Regarding the strike, he hoped that the rank and file would vote for acceptance in their voting, which is also taking place today.
Third Quarter Financial Results
As previously announced, Boeing’s third-quarter results were disastrous, even without the impact of the IAM strike that began in mid-September and is factored into results. The company lost $6.174 billion in the third quarter, compared to $1.638 billion in the same quarter last year.

Revenues were down yearly, with $17.8 billion compared to $18.1 billion. Operating margins, which were negative 4.5% in 2023, ballooned to 32.6% in 2024. The core loss per share tripled from a loss of $3.26 per share last year to a loss of $10.44 per share this year. As might be expected, free cash flow went from a negative $0.3 billion to a negative $2.0 billion in 2024. These results were generally in line with the pre-guidance released last week.
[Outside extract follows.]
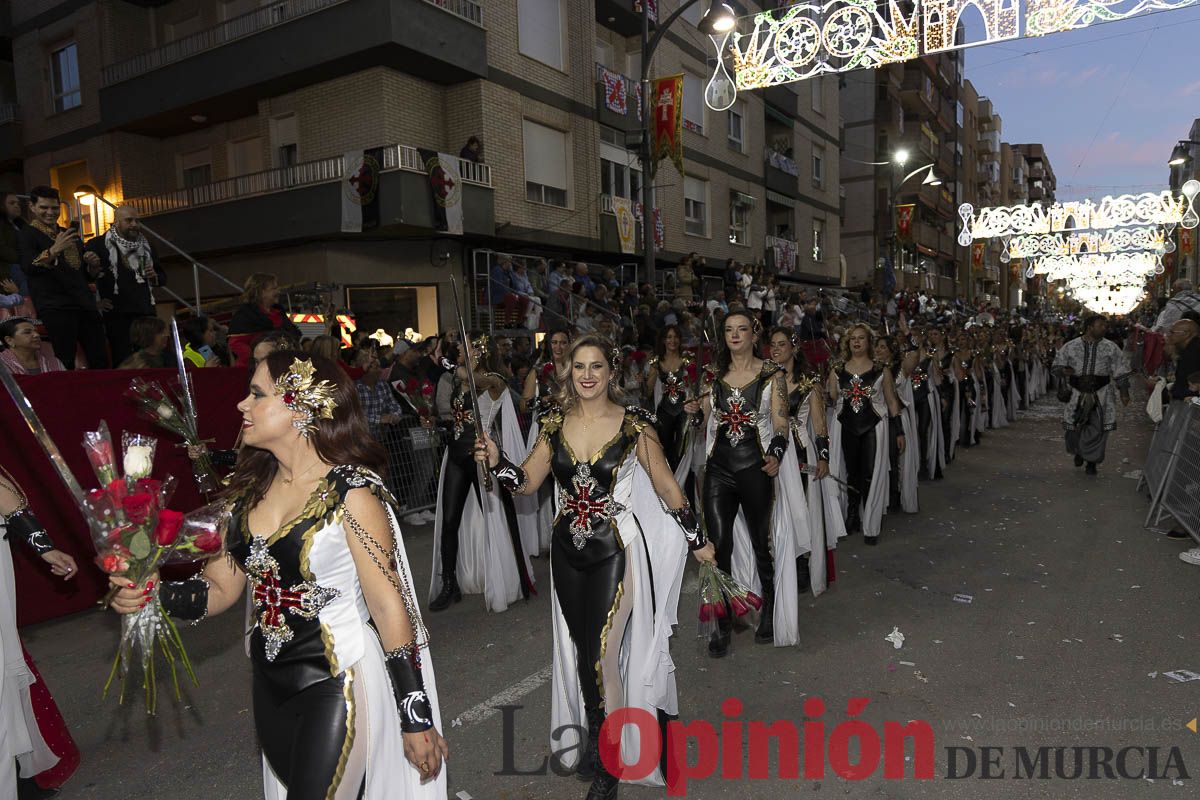 Fiestas de Caravaca | Desfile día 4 de mayo (Bando Cristiano)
The results hurt the balance sheet. Cash and marketable securities dropped year-over-year from $12.6 billion to $10.5 billion at the end of the third quarter. Consolidated debt reflected a payback of $10 billion and new loans of $10 billion, leaving total debt nearly flat, going from $57.9 billion in 2023 to $57.7 in 2024. The company is focused on maintaining its investment-grade credit rating, which is currently only one step above junk status. A downgrade would materially increase Boeing’s interest rates.
Only the latter of the three major business units—commercial Aircraft, Defense, Space and Security, and Global Services—remained profitable.
Commercial Airplanes
BCA revenues fell yearly from $7.9 to $7.4 billion, primarily on fewer aircraft deliveries. Operating margins for the business unit tumbled from an 8.6% deficit last year to a 54.0% deficit in 2024. The company delivered 116 airplanes during the quarter, with production of the 787 planning to return to 5 aircraft per month rather than the current 4 per month. The company has a backlog of $428 billion, representing more than 5,400 aircraft.

Defense, Space and Security
Defense, Space, and Security revenues were flat in the quarter, but the company is losing money on several fixed-cost programs. The Starliner is most visible, with its astronauts stranded on the International Space Station, which SpaceX, another public embarrassment for the company, will rescue. This division has a backlog of $62 billion, representing more than 10 quarters of current sales levels.
Operating margin fell from a negative 16.9% last year to a negative 43.1% in the third quarter this year. In comments to CNBC this morning, Ortberg indicated no plans to divest the defense and space businesses.

Global Services
Global Services is Boeing’s most profitable unit. Revenues grew slightly from $4.8 billion last year to $4.9 billion in the third quarter of 2024. Operating margins grew from 16.3% to 17.0%. This division has a current backlog of $20 billion and should be able to maintain its momentum with increasing MRO on older aircraft as new deliveries are delayed.

The Bottom Line
Kelly Ortberg outlined his strategy in his first major public appearance since taking the reins at Boeing. His remarks appear to have been well received by those in the industry, and while his strategy was outlined in broad strokes, it was generally well received. He clearly understands the depth of the company’s problems and the need for cultural change.
He has outlined a series of steps to stop Boeing’s financial bleeding while moving forward with a focus on quality and safety. He also realistically understands that this will take time and that losses like this $6 billion quarterly loss are unsustainable.
While his strategy lacked specifics, the objectives identified were well received by analysts after the conference call. The question now is whether that strategy can be successfully executed. We wish him well in those efforts, as the industry needs a healthy Boeing.